● Task statement: Pull every line that includes the word "Thumbnail" from the data.

● Material for this exercise:
Start of Block

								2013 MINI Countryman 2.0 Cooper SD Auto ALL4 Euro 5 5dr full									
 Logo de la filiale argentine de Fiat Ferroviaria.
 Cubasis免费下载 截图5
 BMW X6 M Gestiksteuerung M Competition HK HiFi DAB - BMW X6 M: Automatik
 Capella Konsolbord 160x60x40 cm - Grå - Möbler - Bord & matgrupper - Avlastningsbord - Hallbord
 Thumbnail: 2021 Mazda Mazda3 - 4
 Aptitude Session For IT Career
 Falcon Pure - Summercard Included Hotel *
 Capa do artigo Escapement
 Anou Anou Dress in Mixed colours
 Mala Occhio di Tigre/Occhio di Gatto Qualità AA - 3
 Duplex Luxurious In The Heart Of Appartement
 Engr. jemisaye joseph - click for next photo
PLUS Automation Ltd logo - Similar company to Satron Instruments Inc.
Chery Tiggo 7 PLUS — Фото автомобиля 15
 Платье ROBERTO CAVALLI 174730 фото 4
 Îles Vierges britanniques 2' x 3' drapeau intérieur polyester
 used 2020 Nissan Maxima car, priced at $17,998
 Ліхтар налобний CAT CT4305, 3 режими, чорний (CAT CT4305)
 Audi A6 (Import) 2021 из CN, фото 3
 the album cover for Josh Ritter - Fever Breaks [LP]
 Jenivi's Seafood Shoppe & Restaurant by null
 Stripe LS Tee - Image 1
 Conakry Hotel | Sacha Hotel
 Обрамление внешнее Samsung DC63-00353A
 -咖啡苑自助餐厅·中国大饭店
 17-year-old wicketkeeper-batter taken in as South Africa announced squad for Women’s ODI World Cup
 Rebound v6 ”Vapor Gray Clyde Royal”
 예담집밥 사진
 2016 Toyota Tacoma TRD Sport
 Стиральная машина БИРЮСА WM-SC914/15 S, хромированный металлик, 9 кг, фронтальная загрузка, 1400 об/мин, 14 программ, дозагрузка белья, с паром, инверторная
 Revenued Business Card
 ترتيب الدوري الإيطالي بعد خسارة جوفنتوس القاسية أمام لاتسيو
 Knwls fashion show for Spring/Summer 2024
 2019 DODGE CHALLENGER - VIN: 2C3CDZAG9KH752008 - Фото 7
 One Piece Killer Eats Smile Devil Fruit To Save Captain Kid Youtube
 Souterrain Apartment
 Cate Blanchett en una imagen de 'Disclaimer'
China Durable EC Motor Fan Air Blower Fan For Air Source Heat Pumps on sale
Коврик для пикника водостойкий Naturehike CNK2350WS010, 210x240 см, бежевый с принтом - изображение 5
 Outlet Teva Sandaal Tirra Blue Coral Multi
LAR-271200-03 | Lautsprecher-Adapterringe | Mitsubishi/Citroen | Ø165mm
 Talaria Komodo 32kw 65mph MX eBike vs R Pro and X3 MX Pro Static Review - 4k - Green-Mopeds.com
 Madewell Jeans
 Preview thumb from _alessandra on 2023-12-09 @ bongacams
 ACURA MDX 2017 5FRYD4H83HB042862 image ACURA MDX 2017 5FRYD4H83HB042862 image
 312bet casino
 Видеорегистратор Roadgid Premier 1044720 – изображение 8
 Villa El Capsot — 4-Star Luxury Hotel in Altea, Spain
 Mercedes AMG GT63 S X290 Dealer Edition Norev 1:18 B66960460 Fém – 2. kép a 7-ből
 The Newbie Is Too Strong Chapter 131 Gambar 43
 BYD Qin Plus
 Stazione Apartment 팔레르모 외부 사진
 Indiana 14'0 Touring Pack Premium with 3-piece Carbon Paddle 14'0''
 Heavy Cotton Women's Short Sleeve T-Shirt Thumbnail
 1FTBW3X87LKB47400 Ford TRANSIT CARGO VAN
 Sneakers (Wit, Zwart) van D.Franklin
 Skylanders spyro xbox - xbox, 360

End of Block

● Reply:
 Thumbnail: 2021 Mazda Mazda3 - 4
 Heavy Cotton Women's Short Sleeve T-Shirt Thumbnail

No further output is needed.